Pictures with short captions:
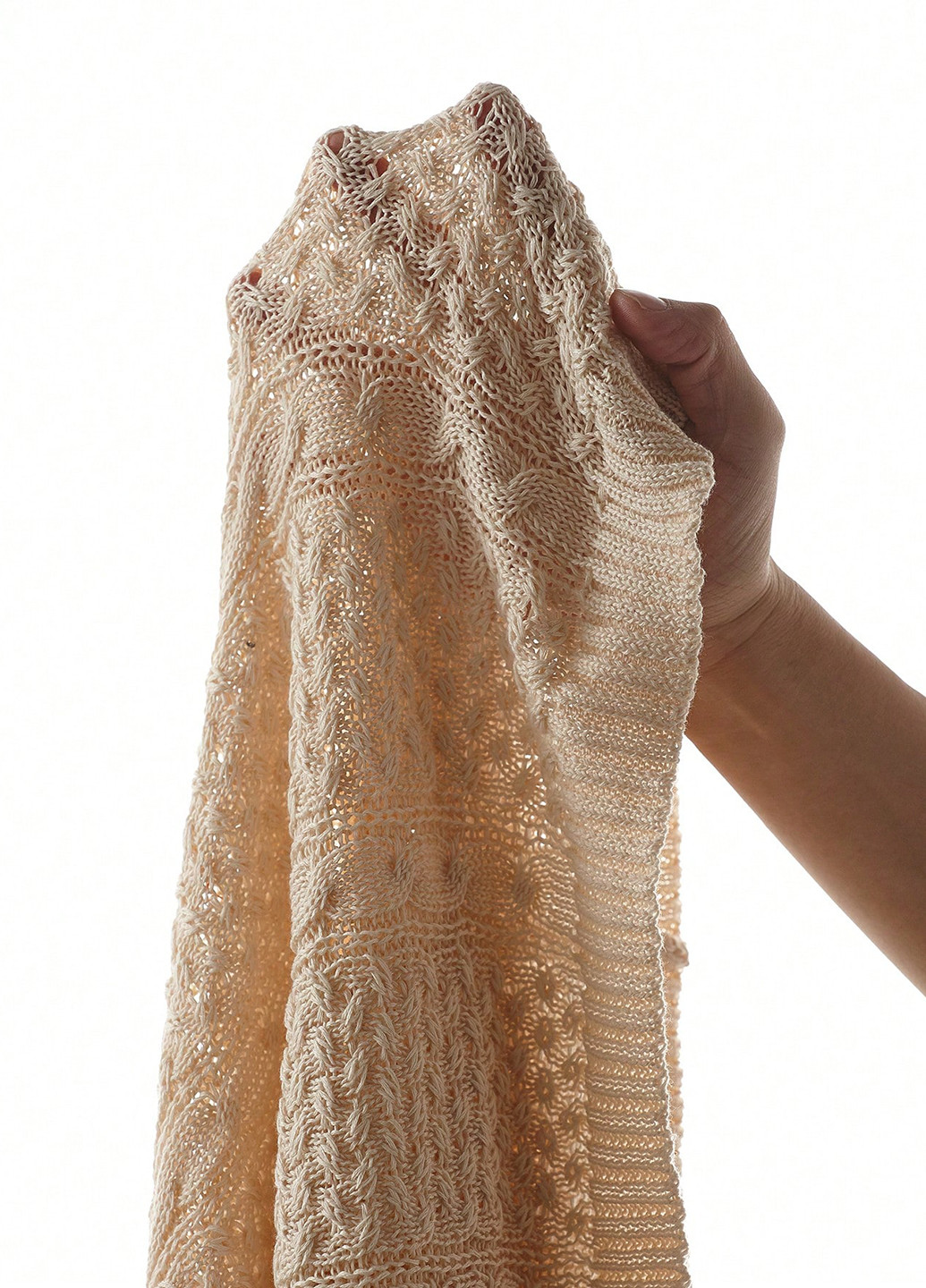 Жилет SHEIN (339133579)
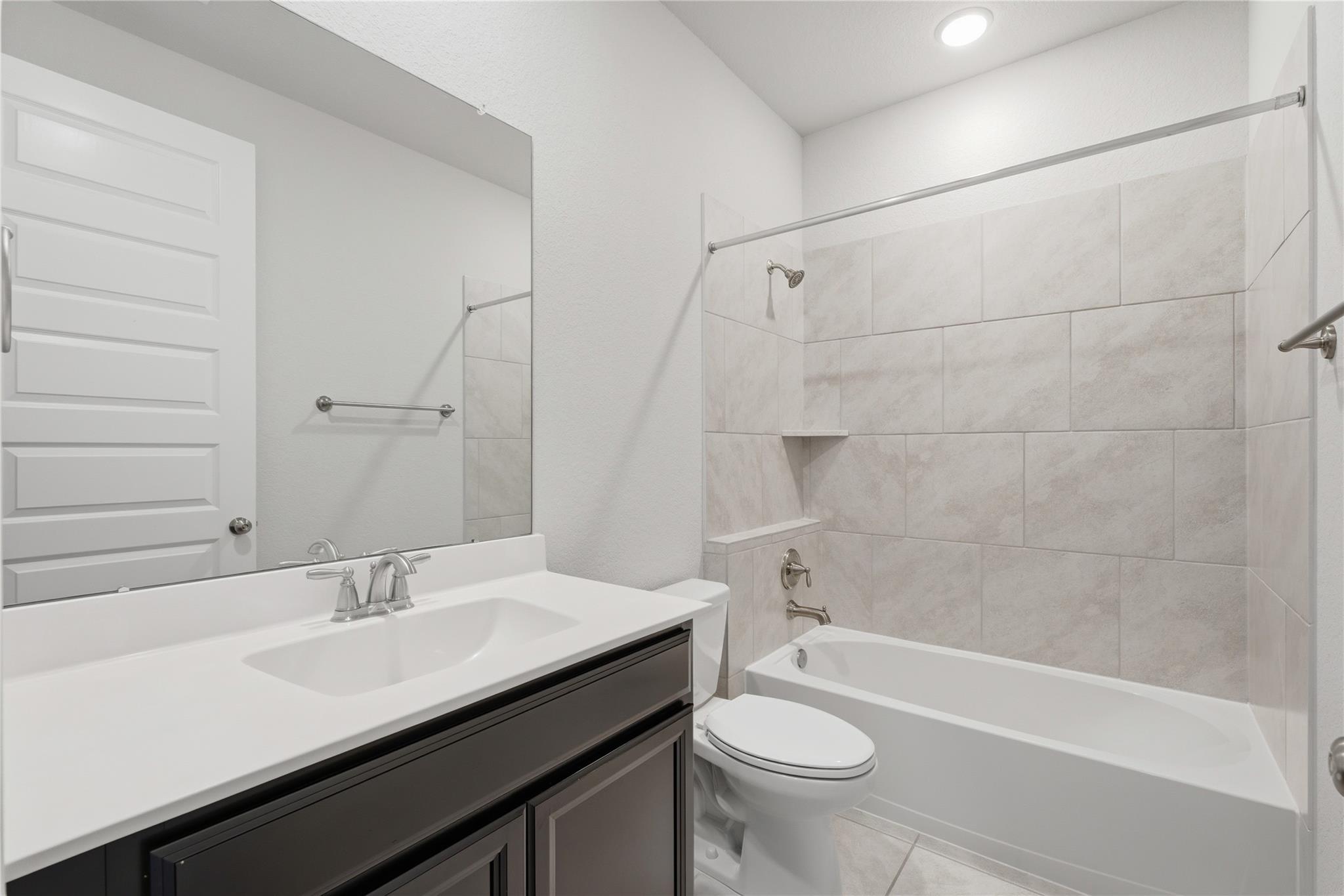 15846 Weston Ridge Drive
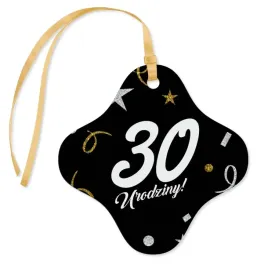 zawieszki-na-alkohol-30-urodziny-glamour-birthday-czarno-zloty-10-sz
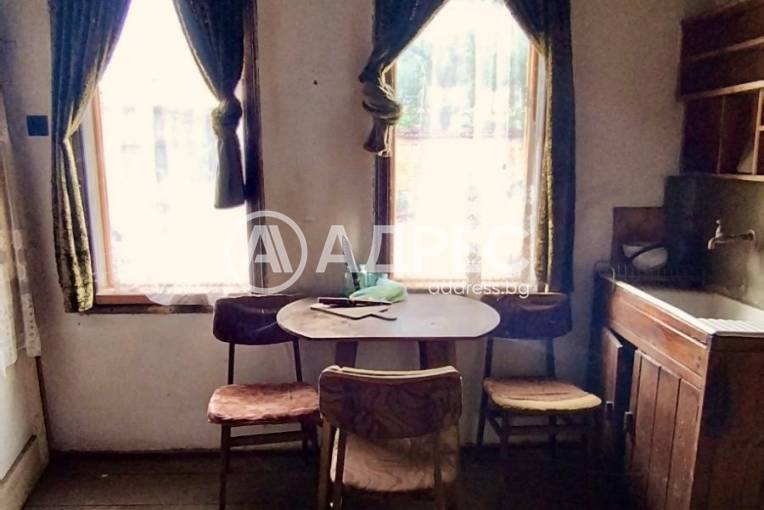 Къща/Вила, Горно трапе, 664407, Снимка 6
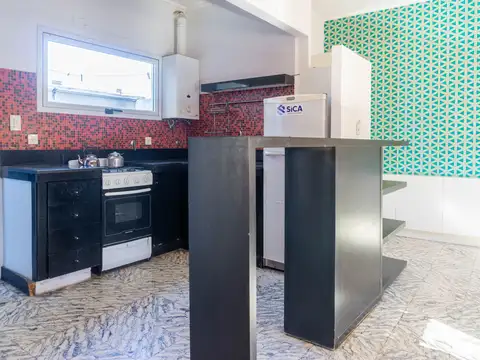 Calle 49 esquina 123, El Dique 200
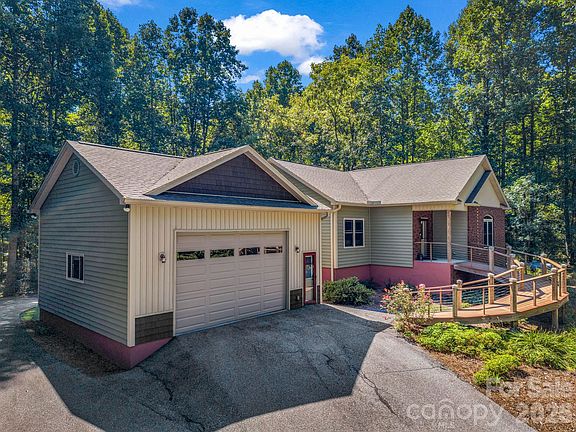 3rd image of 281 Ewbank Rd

What the exercise asks: The entries above need to be output again in full, exactly, and without pictures.

Reply:
 Жилет SHEIN (339133579)
 15846 Weston Ridge Drive
 zawieszki-na-alkohol-30-urodziny-glamour-birthday-czarno-zloty-10-sz
 Къща/Вила, Горно трапе, 664407, Снимка 6
 Calle 49 esquina 123, El Dique 200
 3rd image of 281 Ewbank Rd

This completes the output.